Created on Monday, 28 March 2011 23:47 Published Date Hits: 1802
By CODY BLOOMSBURG
Community News Service
UM School of Journalism
HELENA – Some Republican lawmakers said Monday they’re hoping to advance a new vehicle to fund Montana’s K-12 education for the next two years.
The news comes as the sponsor of an earlier GOP plan to increase state aid to public schools all but abandoned hope that his bill would ever pass the Senate.
Senate Bill 403, sponsored by Sen. Llew Jones, R-Conrad, would have given schools statewide a slight funding increase over next biennium, in part by redistributing oil and gas revenue from school districts with surpluses.
But that bill failed its initial Senate vote last week and was sent back to the Senate Finance and Claims Committee, which stripped $12 million from the bill.
Jones said today there is no indication the Senate is prepared to change its mind about the bill and he has no intention of trying to blast it out of committee.
“My disappointment remains that it would be becoming policy if we (had) just had a couple or three more green lights,” Jones said. “It would be hammering along.
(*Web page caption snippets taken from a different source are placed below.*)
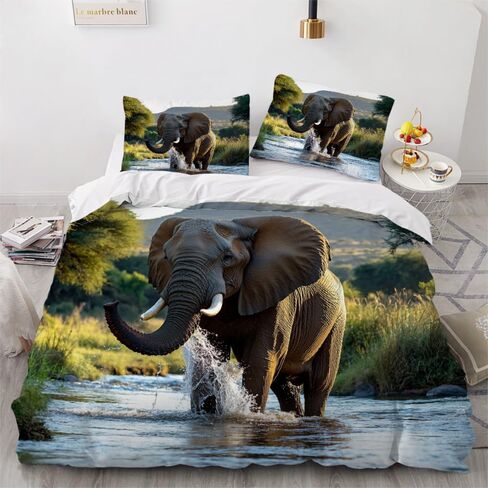 3D Printed Duvet Cover Set Baby Elephant Modern Bedding Set Animal Pattern Comforter Cover Set 3 Pieces with Zipper Ties Bedding Set for Kids Teens (1Duvet Cover+2 Pillowcase 20" x 30") in Kuwait
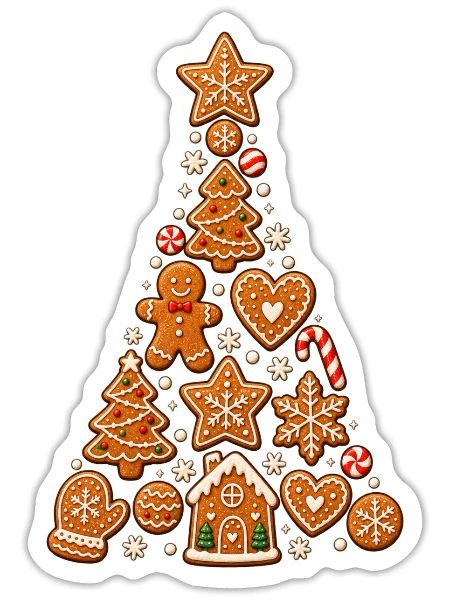 Gingerbread Christmas Tree - Sticker - white matte - Front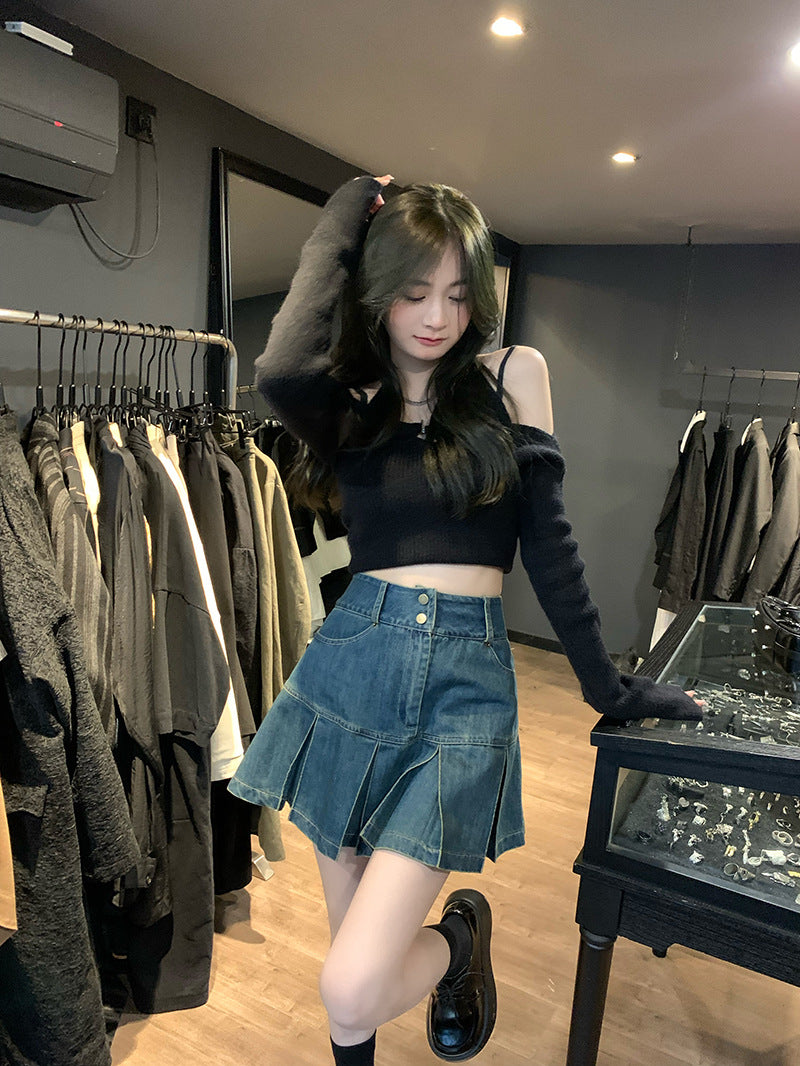 Denim Skirt Pear-shaped High Waist Slimming Sense Of Design Pleated A- Line Sheath Little Short Dress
Now my fear is K-12 education is going to see a much more limited day.”
But there is talk of drastically amending another bill to cover the shortfalls that many of Montana’s K-12 schools are scrambling to anticipate.
Senate Bill 329, by Sen. Ryan Zinke, R-Whitefish, had originally sought to allow school districts to form co-operatives to share the costs of services like transportation. But Zinke said Monday he is open to having the bill amended to carry a last-ditch funding plan.
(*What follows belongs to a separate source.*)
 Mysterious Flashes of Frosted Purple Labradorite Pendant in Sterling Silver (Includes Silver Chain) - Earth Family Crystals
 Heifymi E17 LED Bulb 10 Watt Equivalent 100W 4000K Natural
The bill has already passed through the Senate and been heard by a House panel.
Details were sketchy, but Zinke said Monday that, after amendments, SB 329 would probably resemble Jones’ bill. But above all, he added, it would need bipartisan effort, an allusion to the fact that Jones’ bill could have passed the Senate if only a few Democrats had voted for it.
In the House, Rep. Scott Reichner, R-Bigfork, said he was disappointed to hear that SB 403 won’t be coming over. He also said there is talk of working with House Democrats to forge a compromise.
“House leadership is discussing options,” Reichner said. “We’ve reached out to the Democratic leadership, and right now we’re formulating what our game plan is.”
Democrats criticized Jones' bill as being too complex and questioned why Republicans didn't go along with Gov. Brian Schweitzer's initial proposal to take $76 million in oil money to stem rising costs. But Republicans saw that as unfair to a majority of oil-bearing districts that don’t have large surpluses.
“Had it been easy to do it simple and not really hit someone over the head, it would have been done simple to begin with,” Jones said.
Jones' bill would redistribute about $33 million in oil and gas revenue, taking 10 percent of the funding from every school district that receives it.
It would take additional money from eight districts that get money beyond a set cap. The bill also included a number of one-time revenue transfers to raise total state funding for K-12 schools to at least the levels in Schweitzer's proposal.
The eight eastern Montana districts affected, and the amounts they would lose under SB 403 during the next two years, are Brorson Elementary, $380,959; Lambert Elementary, $2.7 million; Lambert High School, $2.7 million; Baker K-12 schools, $4.4 million; Savage High School, $475,766; Sidney High School, $2.8 million; Rau Elementary, $83,507; and Bainville K-12, $20,922.
Besides complaining about SB 403’s complexity, Democrats also condemned its new “pathways to excellence” incentive program, which would grant $11 million to school districts who meet certain performance benchmarks.
Outside the Capitol, educators are still wondering how it's all going to shake out. “It's a pretty convoluted deal right now,” said Lance Melton, director of the Montana School Boards Association.
Another bill still in the mix is House Bill 630, which would also take money from oil-rich districts. But it would only shift about $1.2 million in all, or $1 for every $5 that a school district receives in oil money over a set cap. Under that bill, once a school collects 100 percent of its budget in excess of needed funding, the state would start taking the surplus.
With Montana school districts working hard to build their budgets and craft special levies, Zinke said his focus is finding a way to make SB 329 the solution to a session-long problem.
“My attention is now on education it was workers' comp,” Zinke said. “Now it's a mission … and it's a cannot-fail mission.”